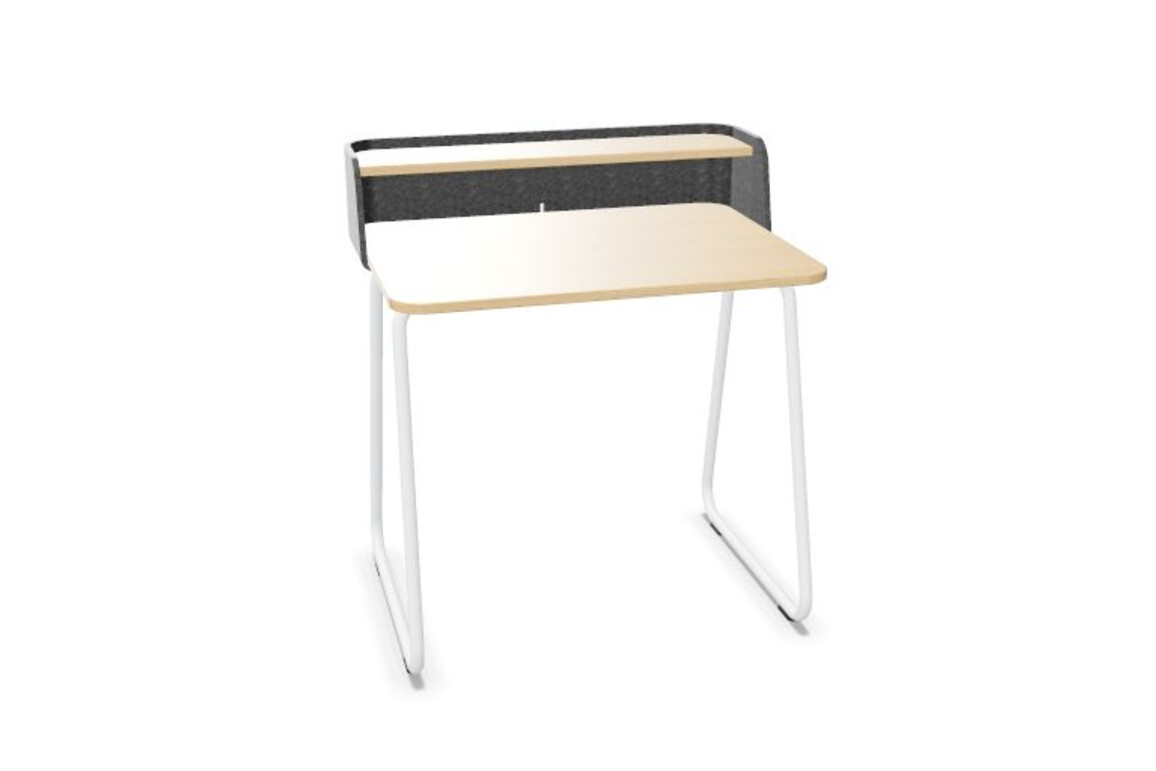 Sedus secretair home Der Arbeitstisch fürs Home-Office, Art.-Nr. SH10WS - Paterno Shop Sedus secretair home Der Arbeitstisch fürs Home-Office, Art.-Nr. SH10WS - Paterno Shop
==
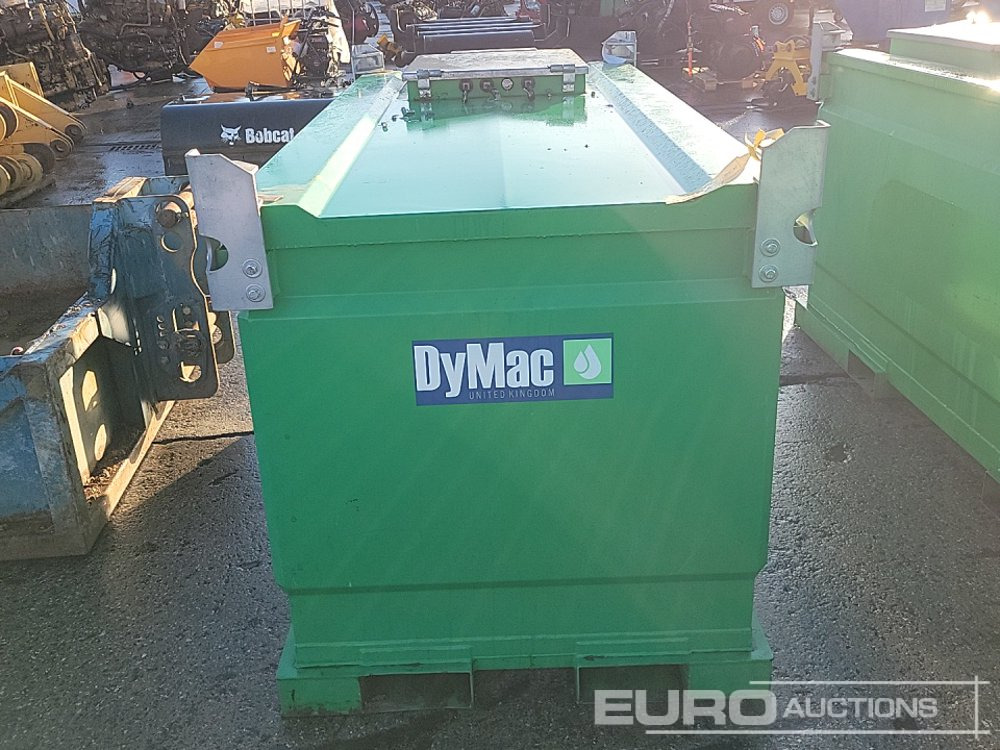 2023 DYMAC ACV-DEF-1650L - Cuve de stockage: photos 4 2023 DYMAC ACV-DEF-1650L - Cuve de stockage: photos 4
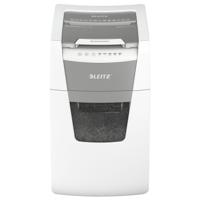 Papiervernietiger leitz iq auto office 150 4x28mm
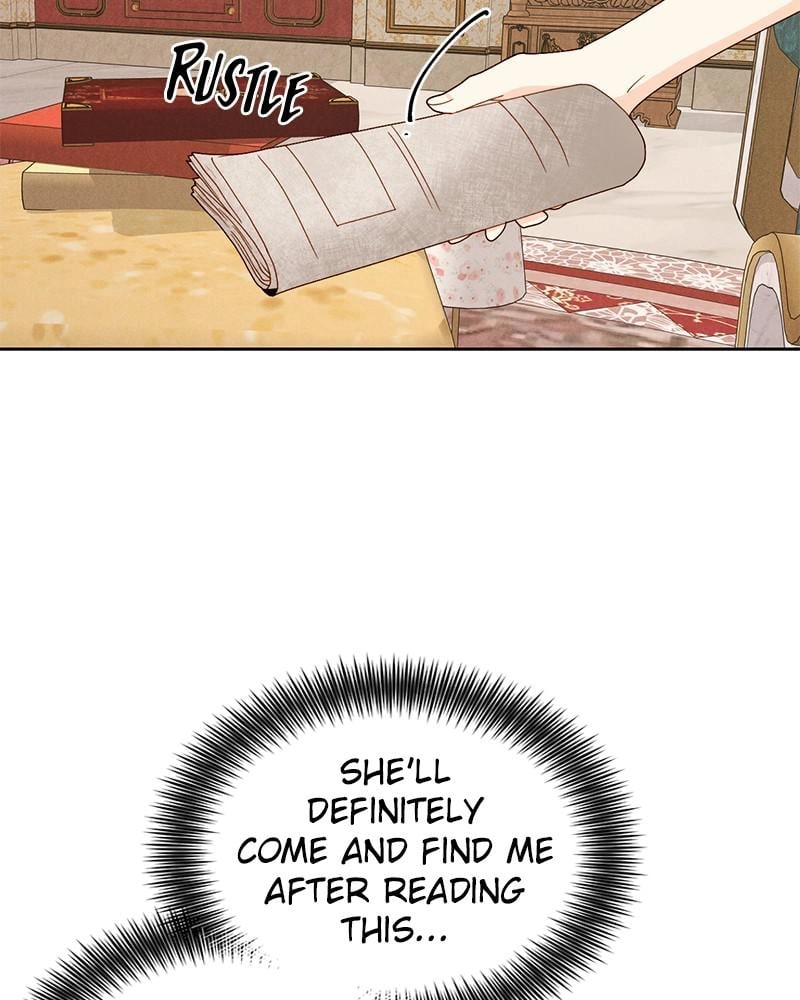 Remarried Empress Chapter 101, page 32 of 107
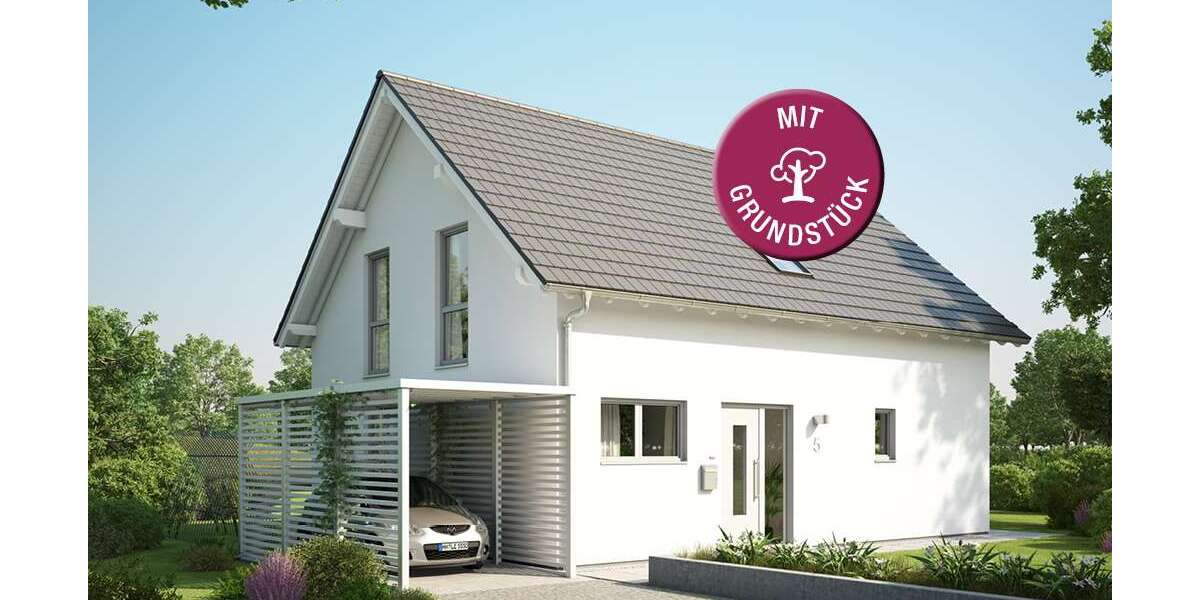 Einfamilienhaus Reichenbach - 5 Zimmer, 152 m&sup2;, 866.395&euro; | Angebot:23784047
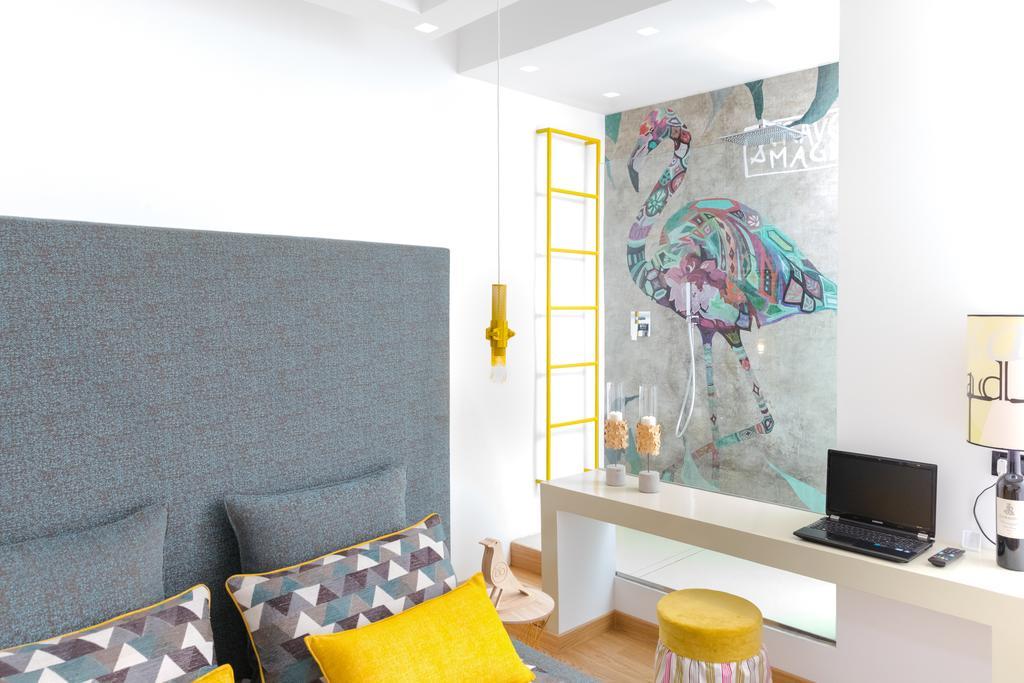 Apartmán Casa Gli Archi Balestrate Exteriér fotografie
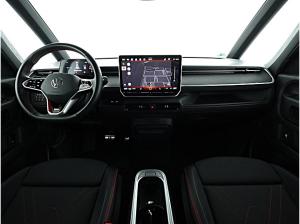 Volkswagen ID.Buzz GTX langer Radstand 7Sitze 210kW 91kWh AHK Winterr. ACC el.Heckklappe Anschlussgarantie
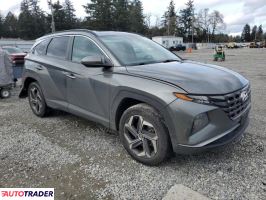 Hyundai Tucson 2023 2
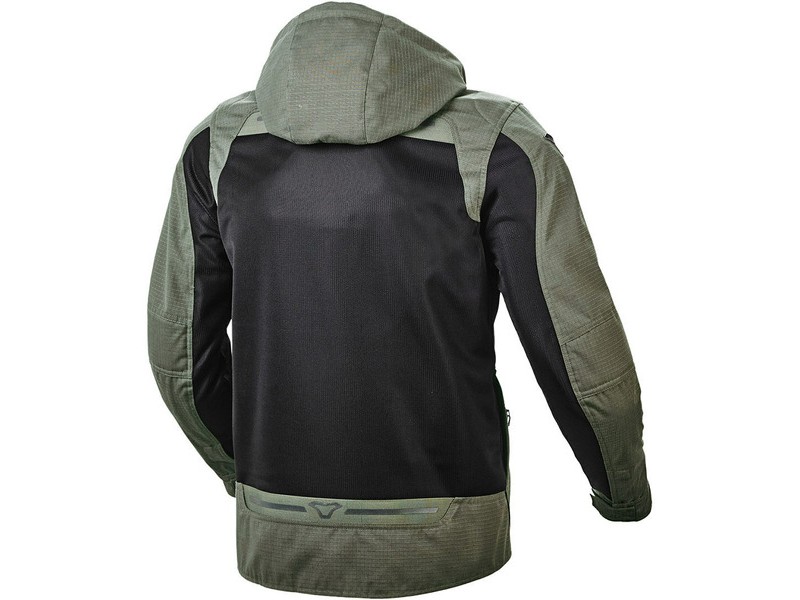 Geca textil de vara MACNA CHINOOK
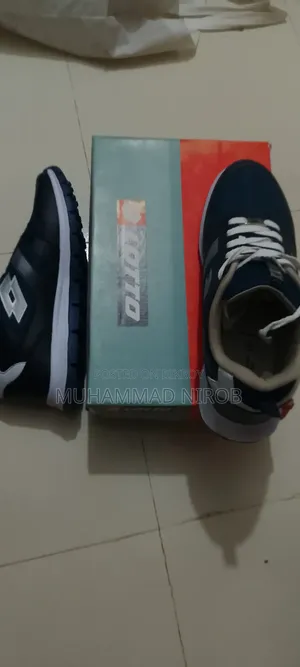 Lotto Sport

_Exercise aim:_ Range to copy from the records above: the line containing "2023 DYMAC ACV-DEF-1650L - Cuve de stockage: photos 4 2023" to the line containing "Lotto Sport", both included. Output those lines exactly and only those, skipping pictures.

_Your response:_
 2023 DYMAC ACV-DEF-1650L - Cuve de stockage: photos 4 2023 DYMAC ACV-DEF-1650L - Cuve de stockage: photos 4
 Papiervernietiger leitz iq auto office 150 4x28mm
 Remarried Empress Chapter 101, page 32 of 107
 Einfamilienhaus Reichenbach - 5 Zimmer, 152 m&sup2;, 866.395&euro; | Angebot:23784047
 Apartmán Casa Gli Archi Balestrate Exteriér fotografie
 Volkswagen ID.Buzz GTX langer Radstand 7Sitze 210kW 91kWh AHK Winterr. ACC el.Heckklappe Anschlussgarantie
 Hyundai Tucson 2023 2
 Geca textil de vara MACNA CHINOOK
 Lotto Sport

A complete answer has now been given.